Best for: specific requirements that are programmatically checkable.

Building an eval pipeline

# Define eval dataset
eval_cases = [
    {"input": "What's our refund policy?", 
     "expected": "30-day refund for unused subscriptions",
     "category": "policy_lookup"},
    {"input": "Cancel my subscription", 
     "expected_action": "initiate_cancellation",
     "category": "action_request"},
    # ... 200+ cases
]

# Run evals
async def run_eval_suite(model_config):
    results = []
    for case in eval_cases:
        output = await generate(case["input"], config=model_config)
        scores = {
            "correctness": llm_judge(output, case["expected"], "factual accuracy"),
            "format": format_check(output),
            "latency": measure_latency(),
        }
        results.append({"case": case, "output": output, "scores": scores})
    
    # Compute aggregates
    return {
        "overall_accuracy": mean([r["scores"]["correctness"] for r in results]),
        "by_category": group_scores_by_category(results),
        "regressions": detect_regressions(results, previous_run),
    }

Eval-driven development workflow

  1. User reports issue → add failing test case to eval suite
  2. Fix the prompt/pipeline → run eval suite
  3. Verify fix passes AND no regressions on other cases
  4. Deploy only if eval passes threshold
  5. Monitor production metrics vs eval predictions

This is TDD for AI systems. The eval suite grows with every bug report, building cumulative regression protection.

Real-world eval tools

  • OpenAI Evals - open-source framework for custom eval suites
  • Braintrust - production eval platform with scoring, comparison, and CI integration
  • Promptfoo - CLI tool for testing prompts across models and configurations
  • DeepEval - Python framework with built-in metrics (hallucination, toxicity, relevance)
  • Ragas - specifically for RAG evaluation (faithfulness, context relevance, answer relevance)

How to apply in practice

Start with 50 test cases covering your top failure modes. Expand to 200+ over time by adding every production bug as a test case.

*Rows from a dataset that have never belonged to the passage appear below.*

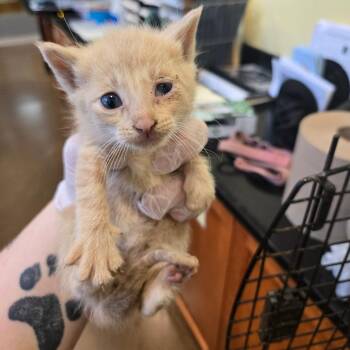 Domestic Short Hair Cats Available for Adoption in Lynchburg, Virginia - Venus | PetCurious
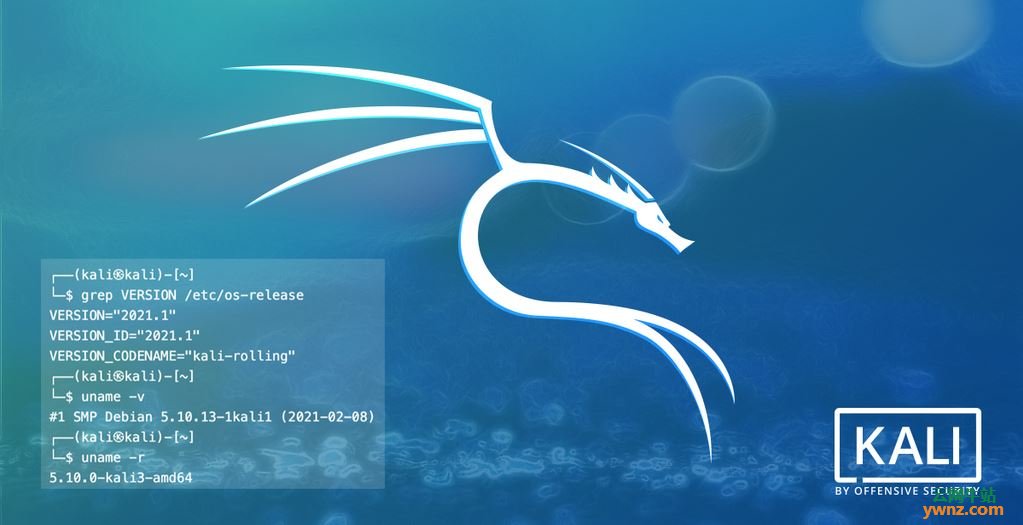 Kali Linux 2021.1发布下载，附更新及升级到2021.1版的说明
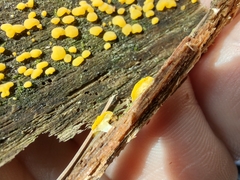 Dacrymyces corticioides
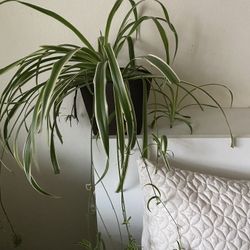 Spider Plant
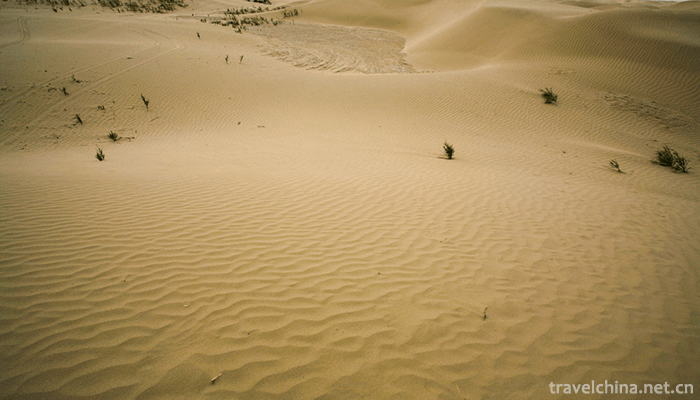 Dawakun-Desert-Tourist-Scenic-Area-1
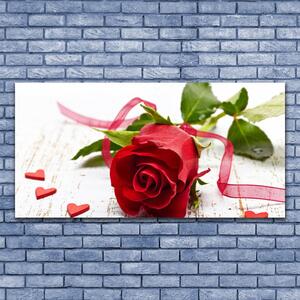 Quadro stampa su tela Natura della pianta del fiore della rosa 100x50 cm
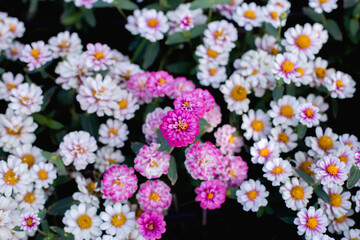 Multi-colored flower wall background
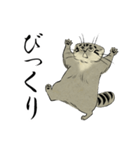 鳥獣戯画風のマヌルネコ2（個別スタンプ：26）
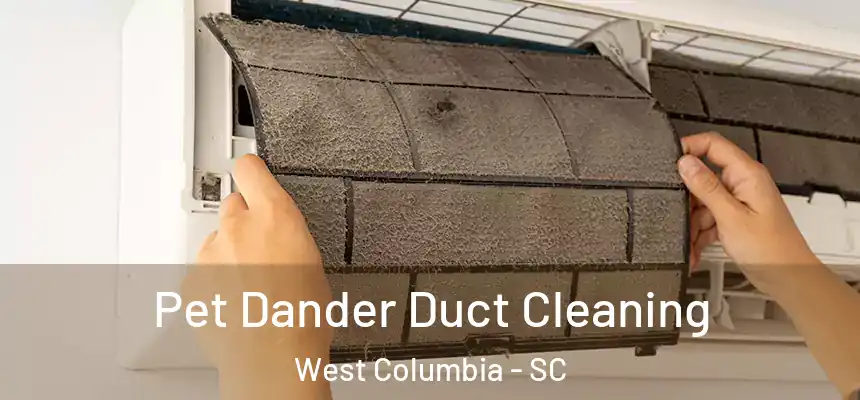  Pet Dander Duct Cleaning West Columbia - SC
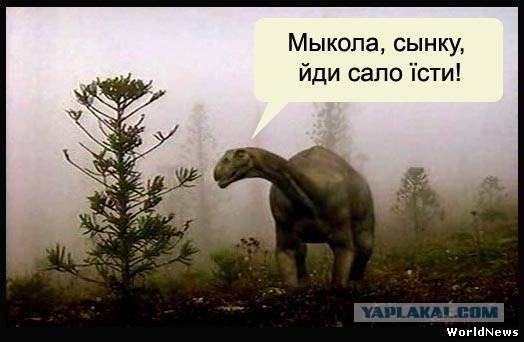 В Киеве объяснили невозможность строительства Крымского моста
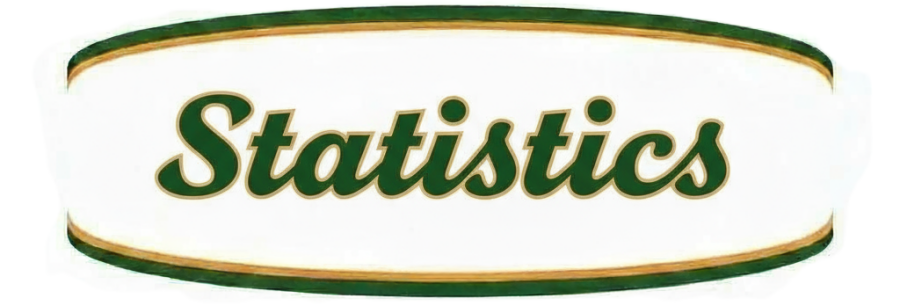 Your Race or Company Name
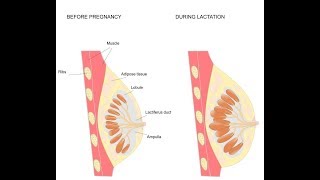Как увеличить объем грудного молока [upl. by Voss]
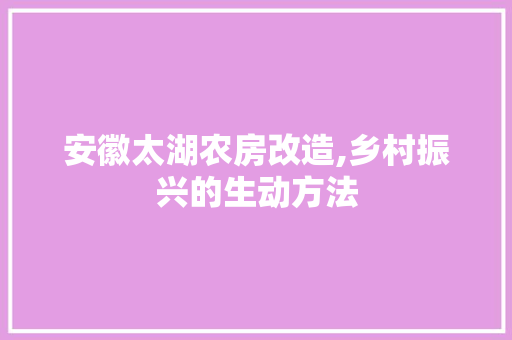 安徽太湖农房改造,乡村振兴的生动方法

Run evals on every prompt change. Treat prompt modifications like code changes - they need automated testing before deploy.

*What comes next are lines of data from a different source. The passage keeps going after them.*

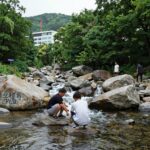 무주 여름 계곡 추천 베스트 무주 계곡 시원한 물과 주변 숲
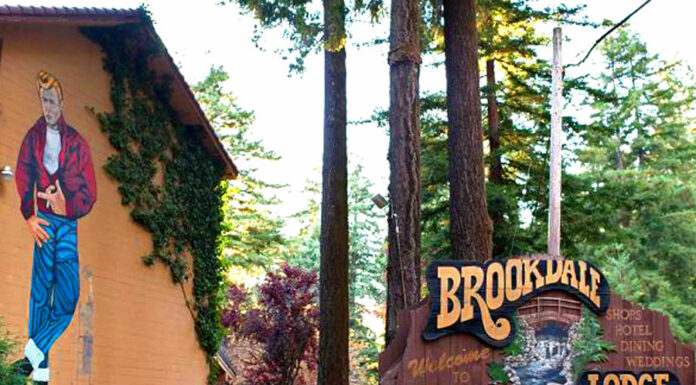 James Dean mural gone from Brookdale Lodge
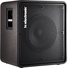 TC Electronic RS115 Bass Cabinet Speaker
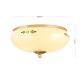Plafoniere - Plafoniera clasica Landhaus 28cm alama satin/ sticla champagne decor verde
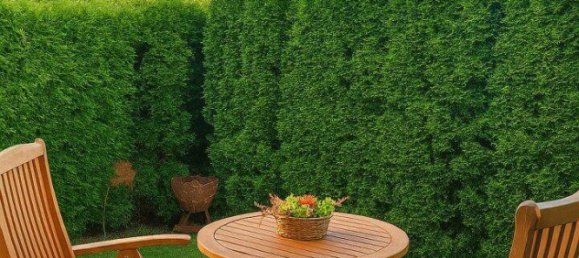 2 rooms Apartment in Salzburg, Austria No. 254489 2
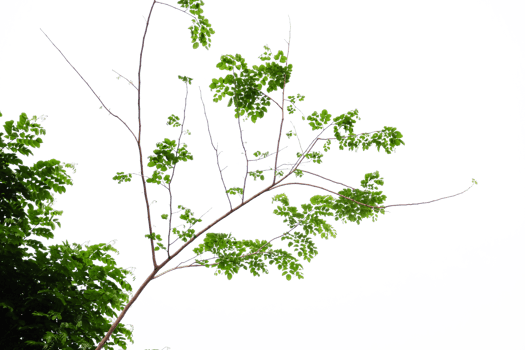 tree branch with green leaves isolated png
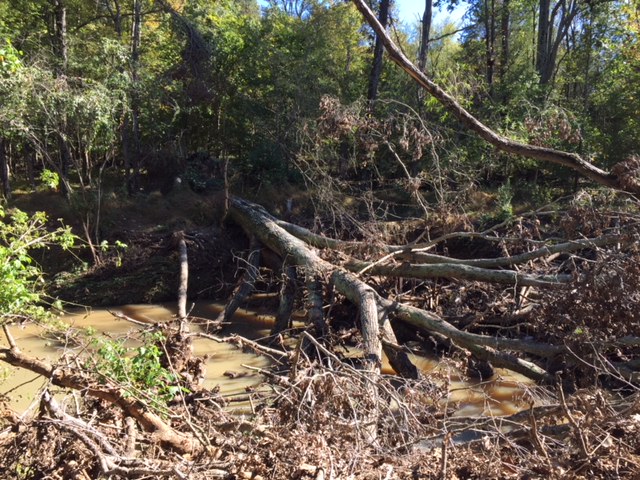 trees and other debris jam up a creek post storm and flooding event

Set regression thresholds. “Deploy if overall accuracy > 85% AND no category drops > 5% from baseline.” Concrete, enforceable gates.

Separate eval environments. Use deterministic settings (temperature 0, fixed seed) for reproducible eval results, even if production uses higher temperature.

FAQ

Q: How do I eval when there is no single “correct” answer?

Use rubric-based scoring: define 3-5 criteria that a good answer must satisfy (factually grounded, appropriate tone, addresses the question, cites sources). Score each criterion independently. An answer can score well without matching a specific expected output word-for-word.

Q: My evals pass but users are still unhappy. What is wrong?

Your eval cases do not represent real user traffic. Fix: sample 100 real production queries (anonymized), add them to your eval suite, and verify scores correlate with user satisfaction signals. If they diverge, your scoring criteria need updating.

Interview questions

Q: Design the evaluation strategy for a medical Q&A system that answers patient questions about medications. What metrics matter and how do you score them?

Critical metrics: (1) Factual accuracy - scored against verified medical references (must be 98%+). (2) Appropriate disclaimers - every response must include “consult your doctor” when discussing dosage or interactions (binary check). (3) Harm avoidance - must never recommend stopping medication without medical guidance (adversarial test cases). (4) Completeness - addresses all parts of the question. (5) Readability - appropriate for patient audience (no unexplained jargon). Scoring: combine automated checks (disclaimer presence, readability score) with LLM-judge for medical accuracy (using a medical-specialized judge model or validated against reference answers). Red-line threshold: any factual medical error blocks deployment regardless of other scores.